7. Manparse CLI

Note

The project is developped at github.com/cmdse/manparse

manparse is a tool to extract a utility interface model from man-pages. It uses doclifter [1] from Eric S. Raymond which converts man pages to DocBook xml files. Those files already hold a good level of semantics, and manparse will do its best to grab as much information as possible. The utility interface model should be serialized to be consumed by other tools. Serialization format has not yet been chosen but it will likely be JSON + JSON Schema.

7.1. Synopsis

manparse [-v|-q] files…

7.2. Options

-v, --verbose

Blah

-q, --quiet

Shhhht

7.3. Implementation details

manparse will pass through multiple steps to build up a utility interface model from a manpage:

  1. call doclifter to generate a docbook file in a temporary folder;
  2. unmarshall the docbook xml file;
  3. flatten subsections to raw text;
  4. extract the command synopses in a tree structure;
  5. run parse scenarios to extract a partial option description model and eventually sub-commands;
  6. match synopses with option description model, and when suitable infer a POSIX_STACK_SWITCH option expression variant.

7.3.1. Parse scenario

A parse scenario is an abstraction to leverage the numerous set of situations manparse can be exposed to.
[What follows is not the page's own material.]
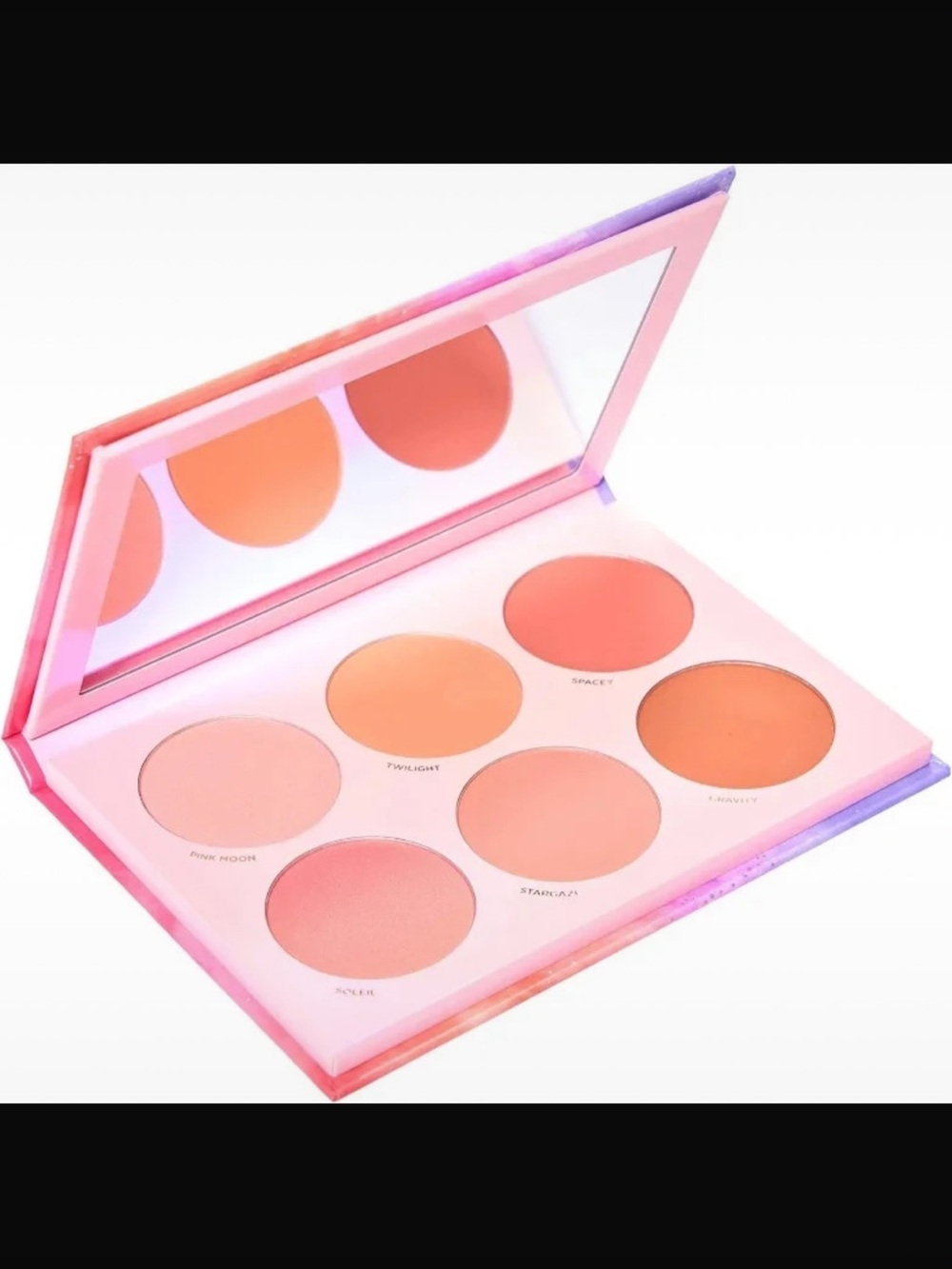 Lunar Beauty Moon Prism Blush Palette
Parse scenario execution is triggered when its associated prerequisites are met. Prerequisites are a set of conditions affecting:

  • the available section names;
  • the content of those sections;
  • the synopses.

The canonical parse scenario or default parse scenario is the fallback scenario and should match a good half of encountered manpages. Multiple parse scenarios can be matched at the same time and should be executed one after the other. As you can see in the bellow subsections, many scenarios share some conditions.

7.3.1.1. Canonical parse scenario:

  • [condition 1] a section named “OPTIONS” is found;
  • [condition 2] no section named “COMMANDS” is found;
  • [condition 3] the “OPTIONS” section matches the structure of option synopses list.
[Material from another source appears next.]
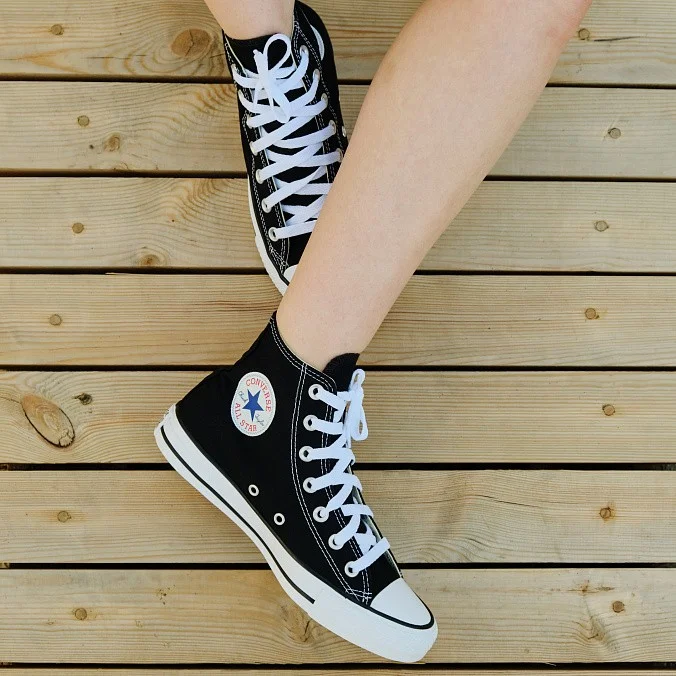 Кеды унисекс Converse Chuck Taylor All Star High-Top Black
7.3.1.2. Embedded sub-command parse scenario:

  • [condition 1] a section named “OPTIONS” is found;
  • [condition 2] a section named “COMMANDS” is found;
  • [condition 3] the “OPTIONS” section matches the structure of option synopses list;
  • [condition 4] the “COMMANDS” section matches the structure of command synopses;
  • [condition 5] command synopses reference a COMMAND parameter.
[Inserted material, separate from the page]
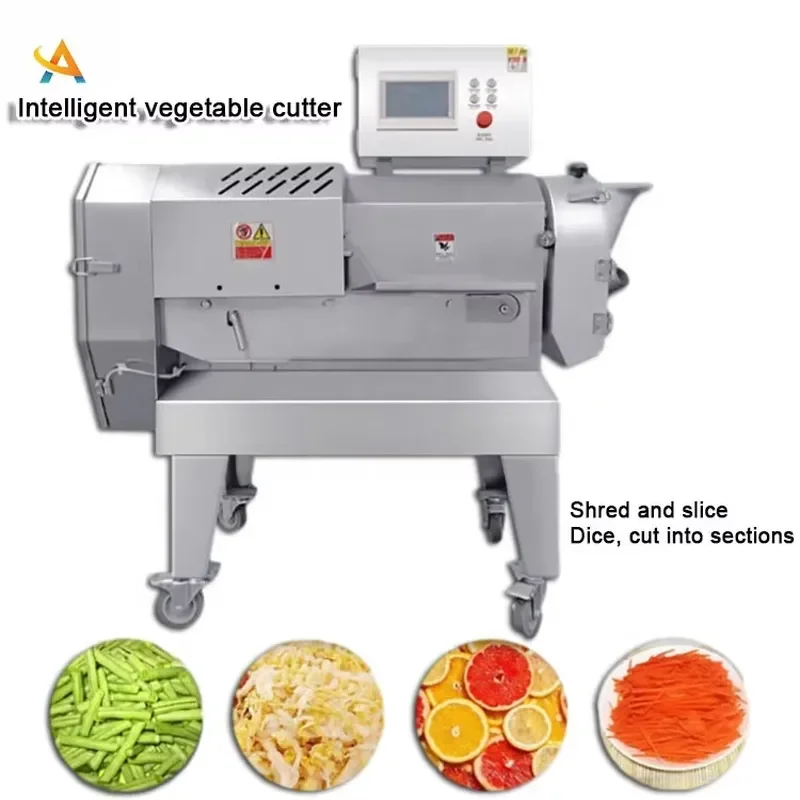 Industrial Vegetable Cutter Multi Function Automatic Vegetable Food Slicer for Commercial Kitchen Use Efficient Cutting Tool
7.3.1.3. External sub-command parse scenario:

  • [condition 1] a section named “OPTIONS” is found;
  • [condition 2] a section named “COMMANDS” is found;
  • [condition 3] the “OPTIONS” section matches the structure of option synopses list;
  • [condition 4] the “COMMANDS” section contains a list of one-word entries with description, and each description contains a reference to an external manpage;
  • [condition 5] command synopses reference a COMMAND parameter.

7.3.1.4. Multiple OPTIONS sections parse scenario:

  • [condition 1] multiple section containing “OPTIONS” are found;
  • [condition 2] each of those “OPTIONS” sections matches the structure of option synopses list.

7.3.2. Synopsis docbook extraction

7.3.3. Option docbook extraction

7.3.4. Sub-commands docbook extraction

7.3.5. Model Extraction Failures

doclifter[1] author reports 93% success on a bare Ubuntu install:

It lifts over 93% of these pages without requiring any hand-hacking.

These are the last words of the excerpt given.